If aught can teach vs aught, Afflictions lookes,
(Making vs looke into oure selves so neere,)
Teach vs to know our selves beyond all bookes,
Or all the learned Schooles that ever were.
This mistresse lately pluckt me by the eare,
And many a golden lesson hath me taught;
Hath made my Senses quicke, and Reason cleare,
Reform'd my Will and rectifide my Thought.
So doe the winds and thunders cleanse the ayre;
So working lees settle and purge the wine;
So lop't and pruned trees doe flourish faire;
So doth the fire the drossie gold refine.
Neither Minerva nor the learned Muse,
Nor rules of Art, nor precepts of the wise;
Could in my braine those beames of skill infuse,
As but the glance of this Dame's angry eyes.
She within lists my ranging minde hath brought,
That now beyond my selfe I list not goe;
My selfe am center of my circling thought,
Only my selfe I studie, learne, and know.

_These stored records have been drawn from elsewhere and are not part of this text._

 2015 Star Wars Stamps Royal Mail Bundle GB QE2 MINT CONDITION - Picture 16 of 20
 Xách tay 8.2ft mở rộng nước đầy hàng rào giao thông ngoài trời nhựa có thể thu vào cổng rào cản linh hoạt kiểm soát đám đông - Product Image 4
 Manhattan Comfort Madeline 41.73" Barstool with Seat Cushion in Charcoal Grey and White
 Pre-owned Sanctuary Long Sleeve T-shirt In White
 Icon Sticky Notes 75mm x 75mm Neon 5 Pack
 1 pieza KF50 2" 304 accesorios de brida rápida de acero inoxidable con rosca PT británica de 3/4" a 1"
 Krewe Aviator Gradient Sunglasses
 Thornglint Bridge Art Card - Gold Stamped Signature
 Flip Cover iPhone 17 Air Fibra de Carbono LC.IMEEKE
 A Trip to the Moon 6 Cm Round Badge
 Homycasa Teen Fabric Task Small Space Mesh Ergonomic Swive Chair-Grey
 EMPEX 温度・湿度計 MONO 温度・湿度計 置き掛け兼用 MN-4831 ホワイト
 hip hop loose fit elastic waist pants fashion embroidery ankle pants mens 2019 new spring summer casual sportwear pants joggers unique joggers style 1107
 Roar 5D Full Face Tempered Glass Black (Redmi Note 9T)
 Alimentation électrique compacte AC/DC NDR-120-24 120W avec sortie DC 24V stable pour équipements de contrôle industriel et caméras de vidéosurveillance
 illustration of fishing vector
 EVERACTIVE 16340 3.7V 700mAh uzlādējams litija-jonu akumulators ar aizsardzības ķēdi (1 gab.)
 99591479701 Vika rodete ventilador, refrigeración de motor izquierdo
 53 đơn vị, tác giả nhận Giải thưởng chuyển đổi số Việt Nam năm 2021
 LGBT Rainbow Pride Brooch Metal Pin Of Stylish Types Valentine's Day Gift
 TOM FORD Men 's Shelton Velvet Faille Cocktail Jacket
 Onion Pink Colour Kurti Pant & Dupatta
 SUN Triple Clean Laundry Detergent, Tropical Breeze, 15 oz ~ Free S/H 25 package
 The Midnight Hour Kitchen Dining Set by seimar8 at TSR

I know my bodie's of so fraile a kind,
As force without, feavers within can kill;
I know the heauenly nature of my minde,
But 'tis corrupted both in wit and will:
I know my Soule hath power to know all things,
Yet is she blinde and ignorant in all;
I know I am one of Nature's little kings,
Yet to the least and vilest things am thrall.
I know my life's a paine and but a span,
I know my Sense is mockt with every thing:
And to conclude, I know myself a Man,
Which is a proud, and yet a wretched thing.